Alonet : Training your models

The alonet package rely on the aloscene& alodataset package to provide training, inference and evaluation scripts for promissing computer vision architecture. DETR, Deformable-Detr and RAFT are one of the first include models on alonet.

Our training scripts are usually split into three parts:

  • The dataset (provided by alodataset)

  • The data modules

  • The training pipeline

The provided training pipeline use pytorch lightning. Beyond the complementary use of aloscene & alodataset we provide some helper methods to quickly restore and load previous training.

Datasets

A dataset returns augmented frame tensors with the aloscene package. All datasets provided by alodataset expose a train_loader() method that will be later use within a data modules.
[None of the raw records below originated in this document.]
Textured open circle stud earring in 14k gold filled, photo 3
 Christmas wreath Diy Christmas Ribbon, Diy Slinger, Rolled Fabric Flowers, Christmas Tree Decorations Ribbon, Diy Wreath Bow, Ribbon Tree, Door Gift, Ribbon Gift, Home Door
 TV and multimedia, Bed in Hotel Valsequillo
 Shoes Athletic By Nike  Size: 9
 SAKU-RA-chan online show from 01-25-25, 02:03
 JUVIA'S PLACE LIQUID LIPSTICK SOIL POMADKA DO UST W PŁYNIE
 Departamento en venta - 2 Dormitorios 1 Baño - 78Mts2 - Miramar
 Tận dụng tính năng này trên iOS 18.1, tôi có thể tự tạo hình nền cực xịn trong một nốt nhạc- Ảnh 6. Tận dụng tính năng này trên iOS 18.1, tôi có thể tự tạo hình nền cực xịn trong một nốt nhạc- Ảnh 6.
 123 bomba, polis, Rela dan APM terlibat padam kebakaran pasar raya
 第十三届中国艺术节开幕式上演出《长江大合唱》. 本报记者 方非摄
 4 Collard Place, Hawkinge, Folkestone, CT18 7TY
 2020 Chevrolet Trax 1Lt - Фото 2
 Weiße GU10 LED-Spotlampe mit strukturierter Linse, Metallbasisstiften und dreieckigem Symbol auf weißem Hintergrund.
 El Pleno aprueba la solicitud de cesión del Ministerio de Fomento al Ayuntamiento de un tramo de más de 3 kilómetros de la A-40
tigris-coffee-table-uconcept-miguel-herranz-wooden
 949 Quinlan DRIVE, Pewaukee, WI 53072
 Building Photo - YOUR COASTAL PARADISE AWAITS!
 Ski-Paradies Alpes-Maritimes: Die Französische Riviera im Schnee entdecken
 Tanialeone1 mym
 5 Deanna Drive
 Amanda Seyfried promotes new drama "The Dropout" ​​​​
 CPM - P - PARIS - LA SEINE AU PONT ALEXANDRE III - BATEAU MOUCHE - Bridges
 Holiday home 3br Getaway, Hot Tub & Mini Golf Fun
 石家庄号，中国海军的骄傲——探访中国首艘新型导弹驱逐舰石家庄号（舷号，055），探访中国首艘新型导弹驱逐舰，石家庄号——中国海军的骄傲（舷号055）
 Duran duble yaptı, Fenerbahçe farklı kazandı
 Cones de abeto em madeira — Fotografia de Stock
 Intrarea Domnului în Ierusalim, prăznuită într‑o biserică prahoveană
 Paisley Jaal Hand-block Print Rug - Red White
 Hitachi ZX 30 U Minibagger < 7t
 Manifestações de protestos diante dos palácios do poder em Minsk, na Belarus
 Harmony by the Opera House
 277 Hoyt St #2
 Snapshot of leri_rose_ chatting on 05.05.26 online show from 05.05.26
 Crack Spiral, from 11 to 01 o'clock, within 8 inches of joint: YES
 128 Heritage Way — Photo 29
Here is an exmple of creating a training & validation loader using the Coco dataset.

[1]:
import alodataset

# Using sample
train_loader = alodataset.CocoBaseDataset(sample=True).train_loader(batch_size=2)

# Using the full dataset
# Training loader
train_loader = alodataset.CocoBaseDataset(
    img_folder = "train2017",
    ann_file = "annotations/instances_train2017.json"
).train_loader(batch_size=2)

# Validation loader
train_loader = alodataset.CocoBaseDataset(
    img_folder = "val2017",
    ann_file = "annotations/instances_val2017.json"
).train_loader(batch_size=2)
loading annotations into memory...
Done (t=10.74s)
creating index...
index created!
loading annotations into memory...
Done (t=0.29s)
creating index...
index created!

Data modules

Data modules is a concept introduced in pytorch ligntning. In aloception, we use data modules to adapt one dataset to fit a particular training pipeline. This adaptation can include some change on the expected Frame structure or specific augmentation suited for the target training pipeline.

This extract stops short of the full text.